Axelrod's culture dissemination model

Here we will briefly present another classic agent-based model - Axelrod's model [1]. In his article Axelrod argues that culture is formed through social interactions, that it is "something people learn from each other". Hence he presents a model which describes competition between cultural traits via social interactions between the agents.

Model specification

In this model agents are placed on a square grid. In general the agents could placed on any network topology, but square grid is rather common choice for the simple models. In the interactive applet below the grid is toroidal (the edges of the grid are connected to the opposite edges of the grid).

Each cell on the grid represents a single agent. The agents in this model do not move (they are "locked" to their cells). Each of the agents has a certain culture. Here culture is characterized by a set of features (such as language, religion or other cultural "dimensions"). Each feature may take on any value from a given set of alternatives. These alternative values are referred to as traits. For example, language feature could take on traits "English", "French" or "Lithuanian", religion feature could take on traits "Christian", "Atheist" or "Muslim". To keep the model simple it is assumed that the number of alternative traits is the same for each feature.

In the interactive applet below you can choose to have from \( 1 \) to \( 3 \) features and from \( 2 \) to \( 25 \) traits per feature. These limits are imposed by the selected visualization technique, where cell's color represents agent's culture. In the applet the brightness of the red color indicates various traits associated with the first feature, brightness of green - the second feature, brightness of blue - the third feature. Simply put the culture in the applet below is RGB color coded.

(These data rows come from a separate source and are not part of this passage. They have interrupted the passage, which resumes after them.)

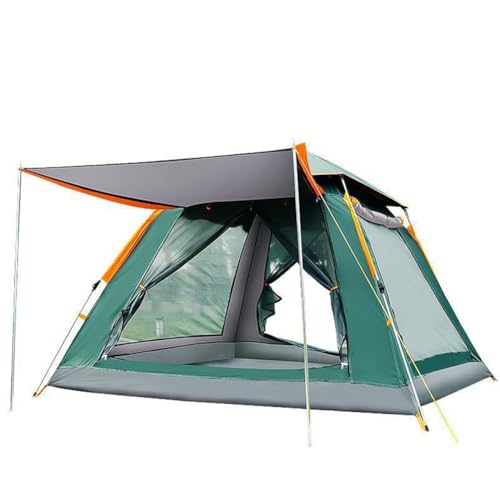 Sofortiges automatisches Pop-Up-Zelt, tragbares Campingzelt für 3–4 Personen mit Aufbewahrungstasche und Stützstange, Unterstand im Freien, 2 Netzfenster und 2 Türen, für Camping Wandern Angeln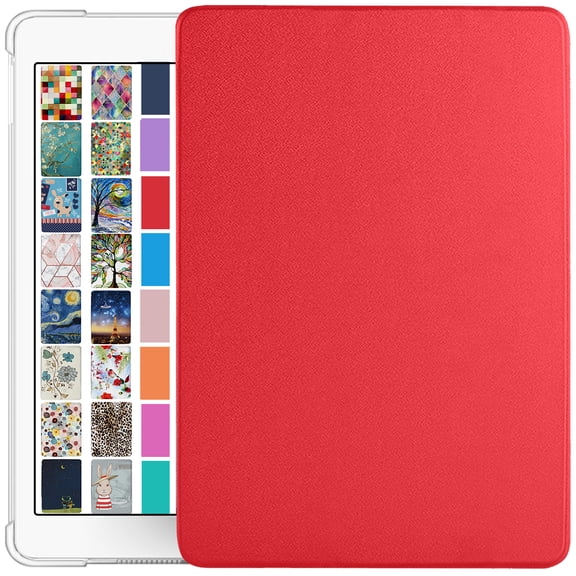 iPad 6th 5th Air 1st 2nd Gen 9.7 Inch [iPad 6 5 Air 1 2 ] A1893 A1822 A1566 A1474 MH2V2LL/A MRM52LL/A MP242LL/A Trifold Slim Smart TPU Transparent Back Cover with Adjustable Stand Feature - Red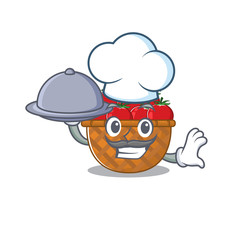 Tomato basket as a chef cartoon character with food on tray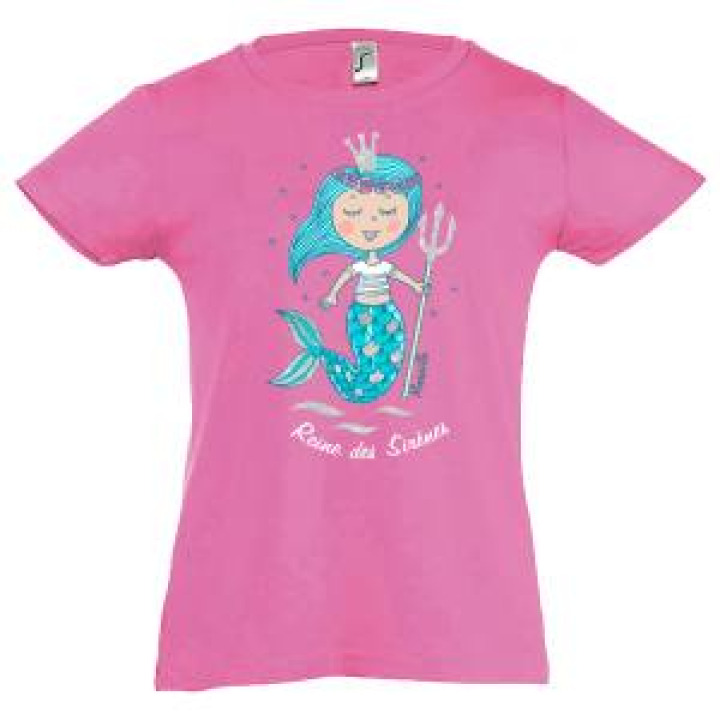 Tshirt enfant Sirène Marseille  transfert Paillettes Rose Orchidée 2 ans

After the initialization of the model the following steps are being continuously iterated:

  1. One agent (A1) is chosen at random.
  2. One of A1's neighbors (A2) is chosen at random.
  3. A1 and A2 may interact with probability dependent on their cultural similarity. Namely, the interaction probability is equal to the number of shared traits (features with the same values) divided by the total number of features. If A1 and A2 interact, then A1 replaces one of his traits with a trait from A2. The "copied" trait is picked at random from among the traits of A2 that A1 does not have. If all traits match, then no trait is "copied".

Example iteration

For example at some point A1 is chosen and he has "English" and "Atheist" traits. His randomly picked neighbor (A2) has traits "English" and "Christian". As they share one trait, hence their interaction probability is \( 0.5 \). If A1 and A2 interact, then A1 would change his religion feature trait from "Atheist" to "Christian".

One the other hand if A2 would have the same traits as A1, nothing would change, because agents have the same traits. While if no traits would match, then also nothing would change as the agents would not interact. Hence the model will settle into a fixed state, if only one culture survives (interaction occur, but they do not change anything) or if multiple cultures with different traits survive (interaction do not occur as the agents are too different to interact). Namely, cultures identified by "French", "Christian" traits and "English", "Atheist" traits would co-exist, as the interaction probability between the agents with those sets of traits is \( 0 \), given that no other cultures survive.

Note that if A1 and A2 would share religion feature trait (for example if they both would have "Muslim" trait), but not a language feature trait, then A1 would change his language feature trait. This is kind of illogical, but in a very simple and highly generalized model this would be possible.

Interactive applet

What to try? Notice that the model is boring with just \( 1 \) feature. Note how the convergence (to a fixed state) speed depends on all model parameters. Try to discover the parameter values which would allow for multiple cultures to persist.

The applet also allows to change how fast the model is run. Here, "kips" and "mips" stand for thousands (kilo) interactions per second and millions (mega) interactions per second respectively. Note that older computers with weaker hardware might "lag" at faster speeds. If so, please decrease the speed.


  • R. Axelrod. The dissemination of culture - A model with local convergence and global polarization. Journal of Conflict Resolution 41: 203-226 (1997). doi: 10.1177/0022002797041002001.